»»

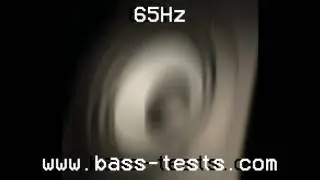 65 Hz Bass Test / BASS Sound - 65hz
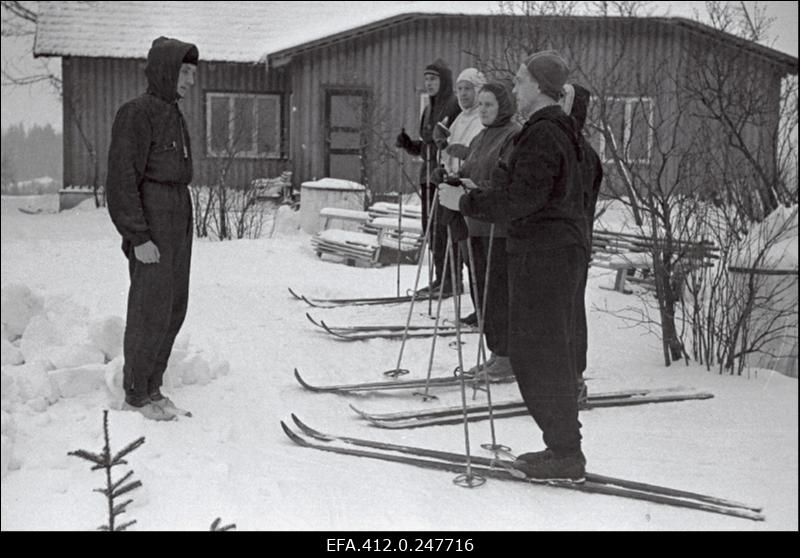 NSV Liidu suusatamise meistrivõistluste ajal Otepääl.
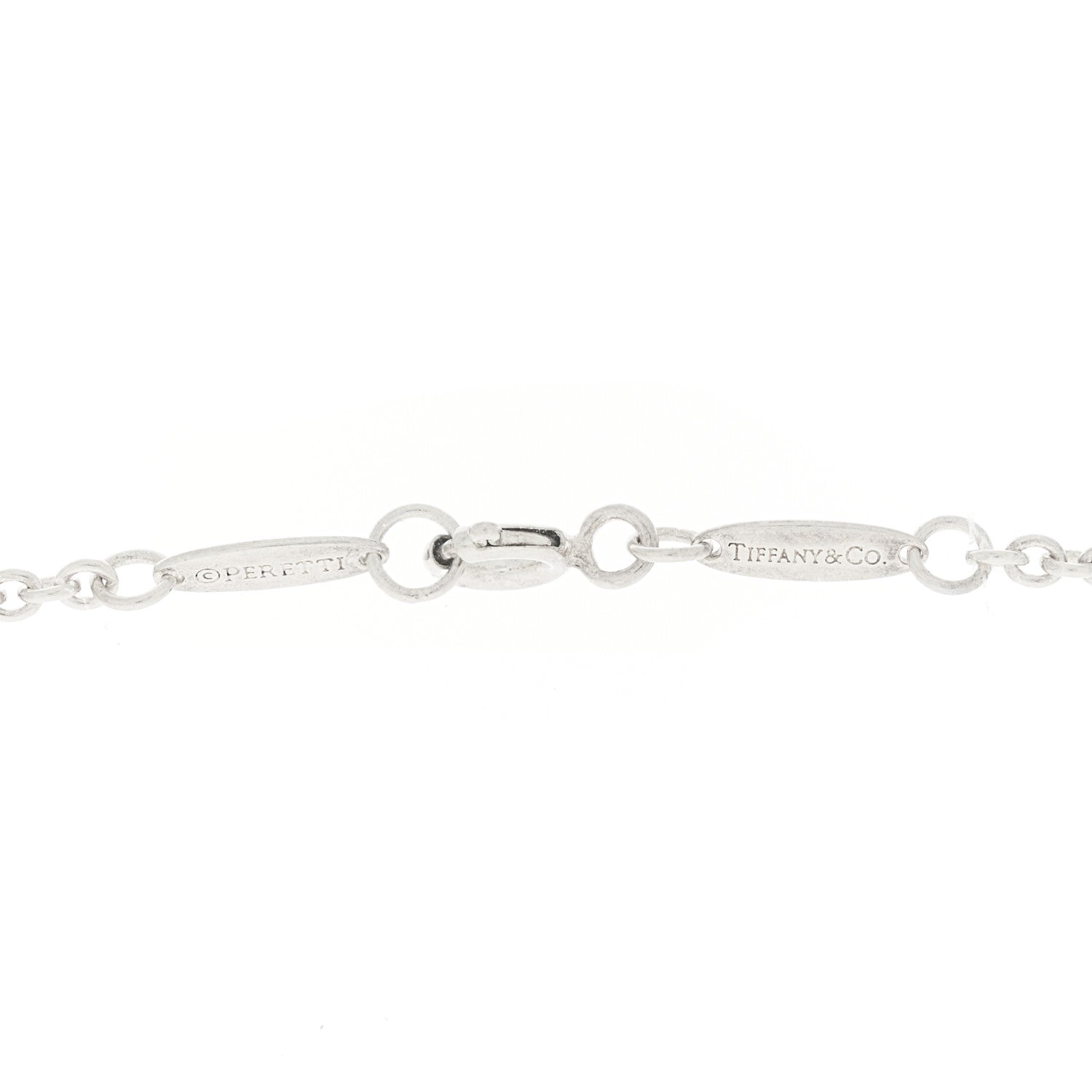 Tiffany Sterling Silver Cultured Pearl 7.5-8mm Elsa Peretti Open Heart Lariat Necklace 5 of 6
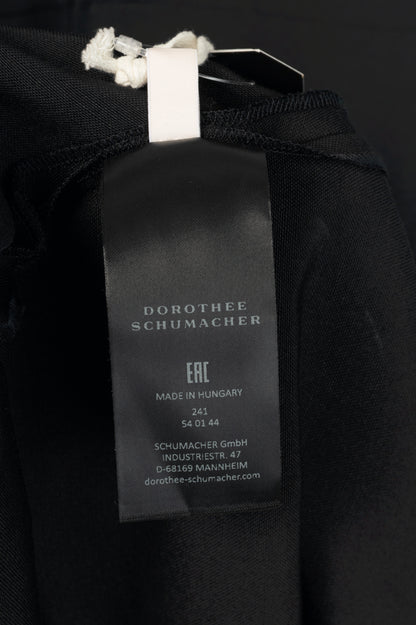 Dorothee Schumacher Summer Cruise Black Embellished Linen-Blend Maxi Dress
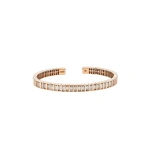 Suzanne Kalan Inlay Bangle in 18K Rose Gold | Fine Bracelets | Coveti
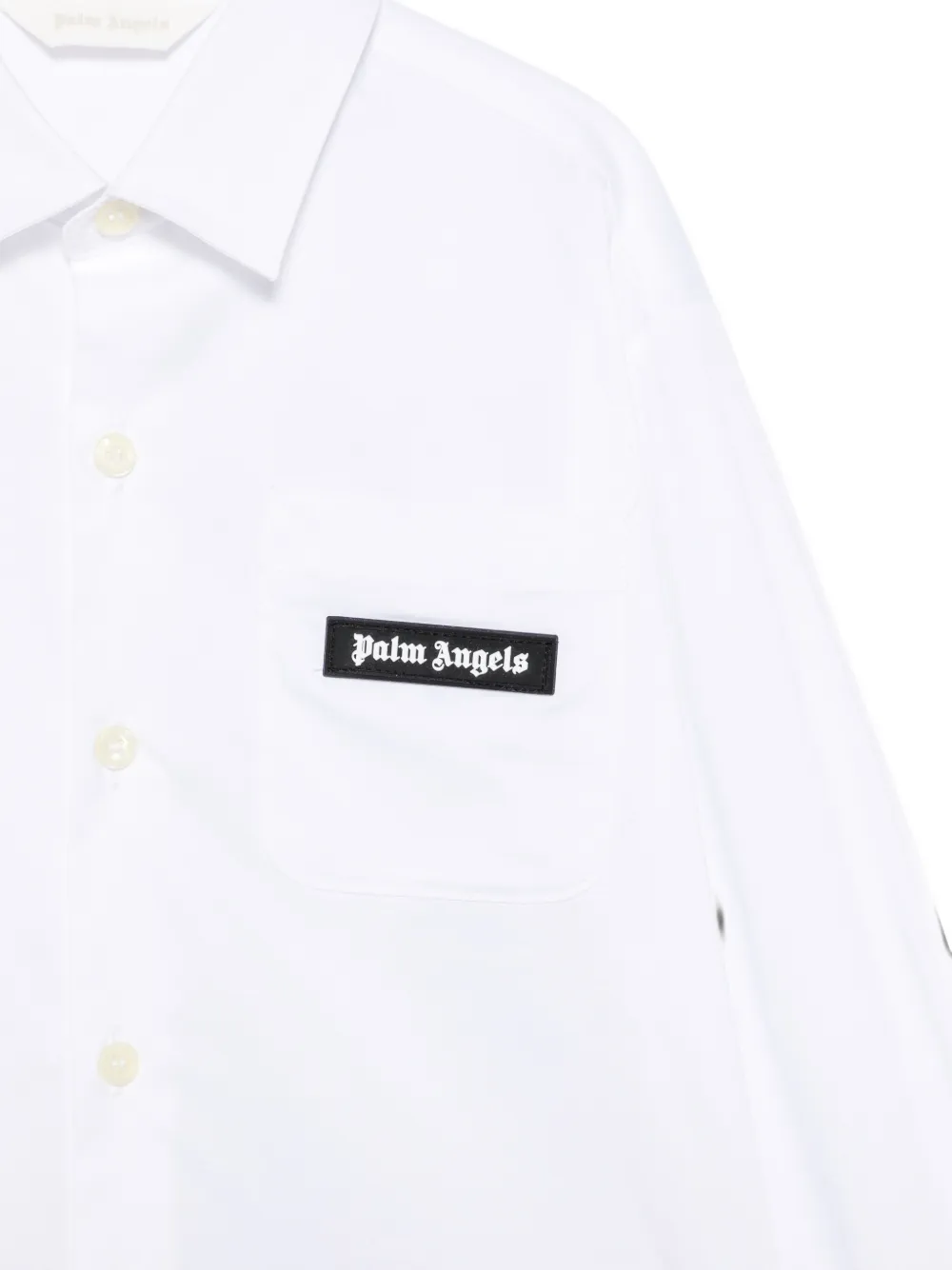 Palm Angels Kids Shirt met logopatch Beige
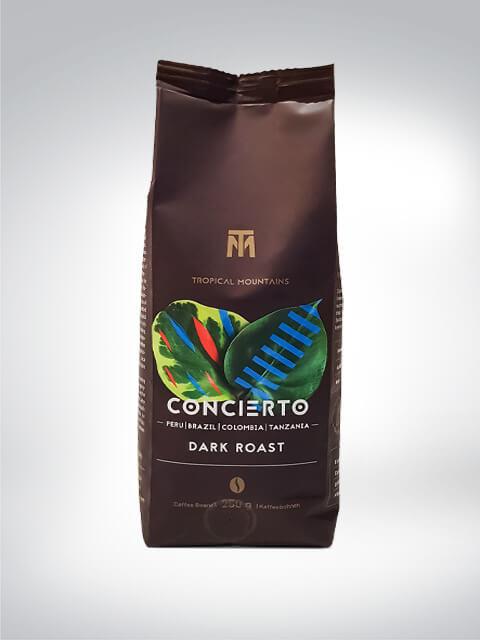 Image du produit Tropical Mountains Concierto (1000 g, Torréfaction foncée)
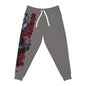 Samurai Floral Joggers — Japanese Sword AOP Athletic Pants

««

● Required work:
Copy nothing but the lines from the line that contains "Suzanne Kalan Inlay" through the end of the listing, exactly, and keep pictures out of it.

● Written answer:
 Suzanne Kalan Inlay Bangle in 18K Rose Gold | Fine Bracelets | Coveti
 Palm Angels Kids Shirt met logopatch Beige
 Image du produit Tropical Mountains Concierto (1000 g, Torréfaction foncée)
 Samurai Floral Joggers — Japanese Sword AOP Athletic Pants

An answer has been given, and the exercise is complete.